これならば、誰しもひとつくらいは興味を持てるものがあるのではないだろうか。増子さんは、「普段から、好きなことや自分に向いていることであれば、自発的に行っていたりしますよね。一覧にない項目も含め、そういう自分が楽しいと思えて、無理なく継続できる活動を選ぶことがポイントです」と話す。
特におすすめの余暇活動を伺うと、
「あえて挙げるなら、運動や自然のなかで行うものは活動量が増えるので、身体がなまるのを防ぎやすいでしょう。ただ、他の研究では、運動を1人でやる人は、グループに所属している人よりも要介護のリスクが高いというデータもあります。
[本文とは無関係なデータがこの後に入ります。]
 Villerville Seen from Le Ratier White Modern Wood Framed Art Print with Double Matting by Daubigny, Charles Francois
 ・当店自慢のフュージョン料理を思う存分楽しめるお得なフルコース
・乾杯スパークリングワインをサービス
ですから、できれば“誰かと一緒に行う”、“定期的に人と会う”ことが発生するものがベターと言えるかもしれません」。(相田教授)
人と会う予定があると、そのためにご飯を食べ、歯を磨き、服を着替えて、集合場所に向かう。そういった作業が身体を動かすことにつながるし、誰かと話すことで、脳や心も刺激されるのがプラスにはたらくのだという。
ちなみに、新たな余暇活動は、仕事を辞める前に見つけておくのがいいそう。相田教授によると、「日本とイギリスの高齢者についての研究で、日本人男性はイギリス人男性よりも友達が少なく、寿命も短くなる傾向にあった」とのこと。
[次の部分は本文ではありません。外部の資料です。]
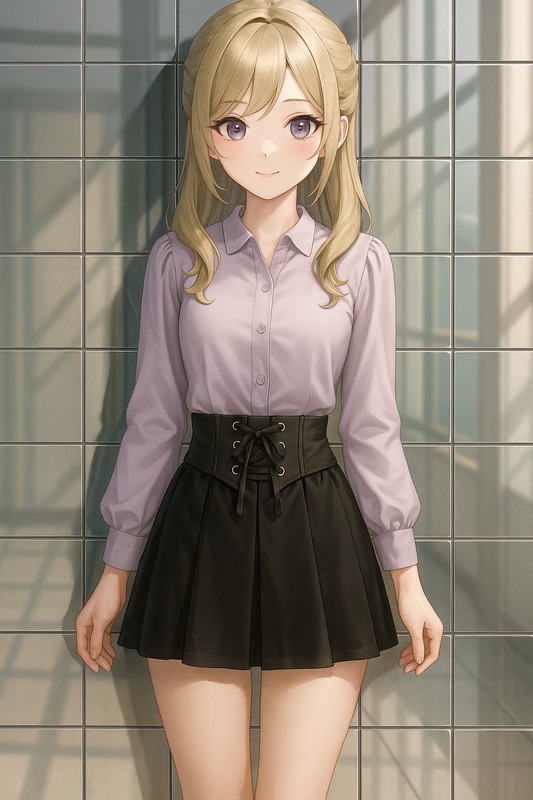 ミラータイル壁のAIイラスト|プロンプト紹介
「高齢者になりたての世代は、猛烈に働いてきたサラリーマンも多いと思います。しかし、仕事第一でやってきた方こそ、“退職したら友達がいなくて外に出ない”、“燃え尽き症候群のようになり、一気に老け込む”ということになりかねません。私の父も仕事人間なので心配ですが、働いているうちに定年後も打ち込めるものや、世間とコミュニケーションがとれる場を見つけておくことを勧めたいです」(増子さん)
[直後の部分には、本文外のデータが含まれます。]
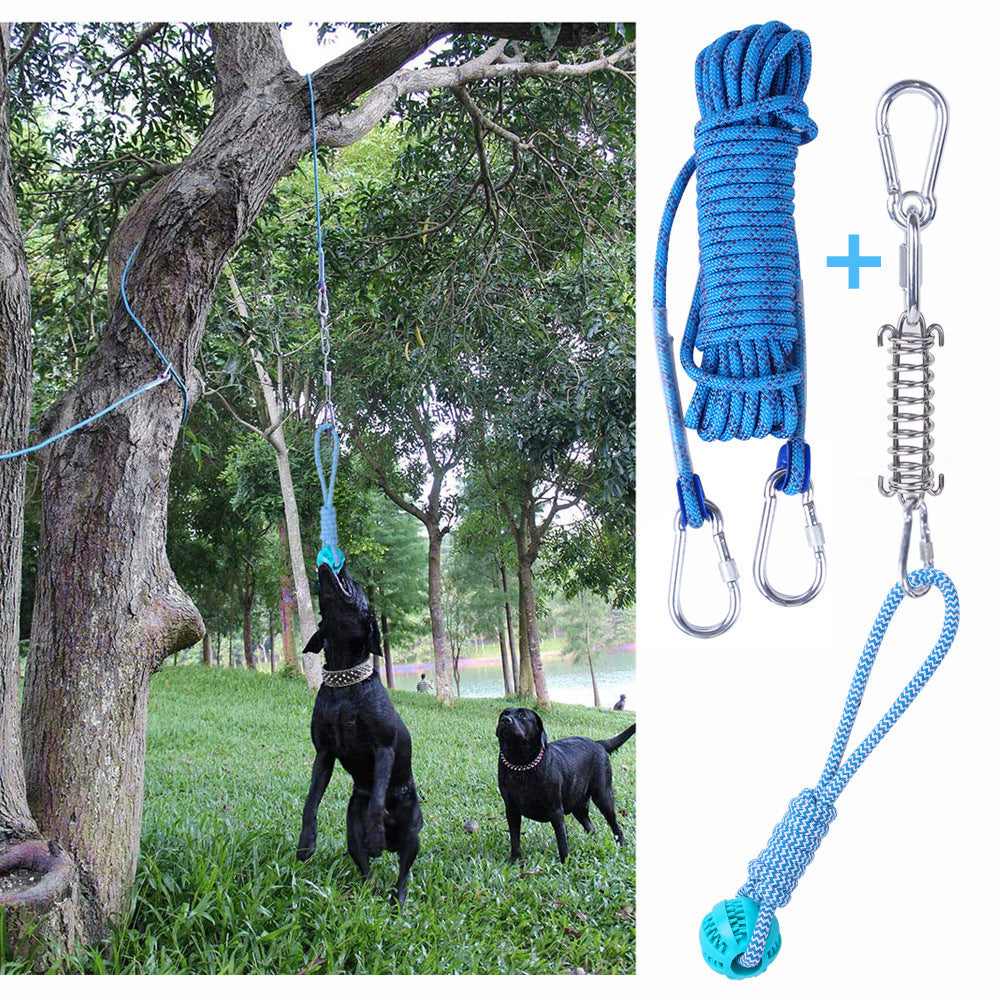 Outdoor Funny Dog Toy Stainless Steel Spring Suspension Cotton String Households Outdoor Toy Training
最後に、頻度については、「多すぎるのもかえってNG」と2人は言う。
「社会参加を頻繁に行っている人は、意外と健康に関する数値がよくないというデータもあるんです。もちろん、ご自身が心から楽しんでいるのであれば問題ありませんが、義務感や誰かの指示で行っている場合は、心身にいい影響が出にくいのでしょう。余暇活動も一緒で、とにかくストレスなく、適切な頻度で続けられるものに出会えたら理想ですね」(相田教授)
相田教授と増子さんは今後、「趣味を増やすためにはどうすればいいのか、どういった働きかけをすると実際に活動を始めるきっかけにつながるのかについても研究していきたい」と意気込む。興味深い結果が発表されることにも期待しつつ、まずは自分がハマれそうなことを探すところからトライしてみよう。